Berkeley officials are set to vote Monday afternoon, during a special meeting, on whether to allow city police officers to take part in Urban Shield tactical exercises this year.
The exercises, run by the Alameda County sheriff’s office, have drawn steep criticism and controversy in recent years, as activists have fought to shut down the program, saying it has militarized local agencies and included racially-insensitive training, among other concerns. Earlier this year, county officials promised to pull funding from Urban Shield if big changes were not made. The latest news from the county seems to indicate that many adjustments are in the works in response to community concerns.
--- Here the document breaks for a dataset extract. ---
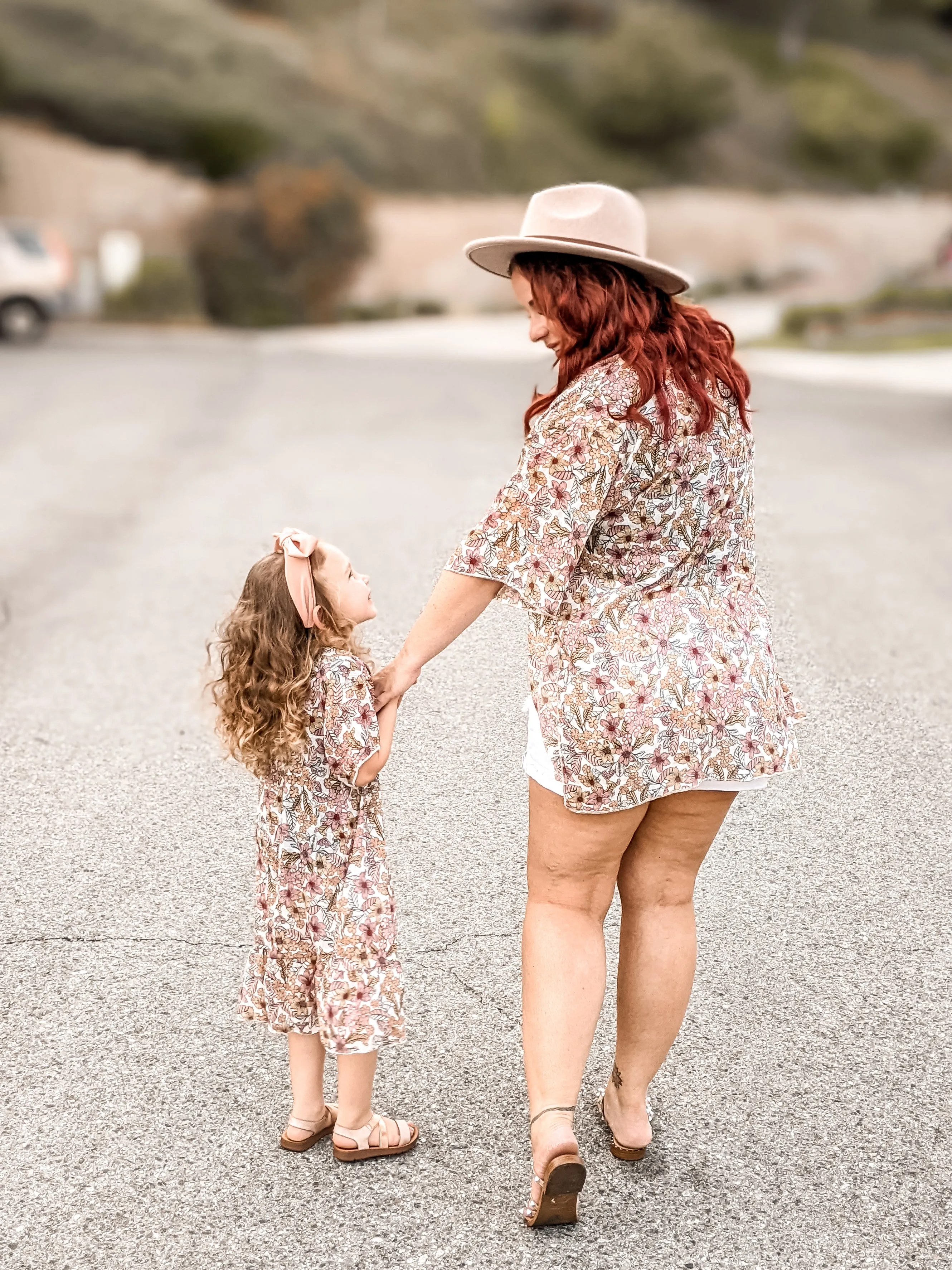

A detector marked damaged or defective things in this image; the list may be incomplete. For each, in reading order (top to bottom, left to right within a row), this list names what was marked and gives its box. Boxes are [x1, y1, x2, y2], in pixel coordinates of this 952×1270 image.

cracked pavement [0, 330, 949, 1270]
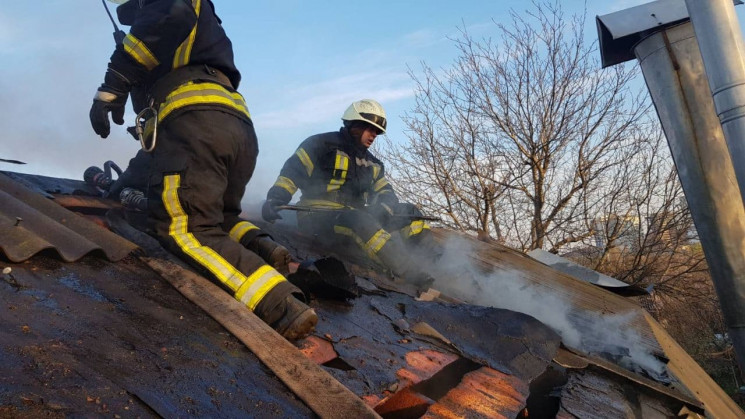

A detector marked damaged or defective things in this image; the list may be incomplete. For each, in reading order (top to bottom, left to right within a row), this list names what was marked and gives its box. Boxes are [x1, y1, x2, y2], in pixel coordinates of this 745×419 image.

But whether Berkeley police will be allowed to participate remains an open question.
Advocates for the exercises say they provide Berkeley first responders with a critical resource to prepare for the most serious emergencies the city could face, and that there is nothing currently available that’s as robust, or would be comparable, to replace it.
The Berkeley City Council voted in June 2017 to create a four-person subcommittee to study Urban Shield to determine whether the city should be involved, and to what extent. That subcommittee, made up of Mayor Jesse Arreguín and councilwomen Kate Harrison, Cheryl Davila and Susan Wengraf, then voted early last month — over Wengraf’s opposition — to pull police from the tactical scenario exercises. But then, toward the end of the month, the mayor pulled his vote, citing legal concerns, leaving the status of the earlier vote in question.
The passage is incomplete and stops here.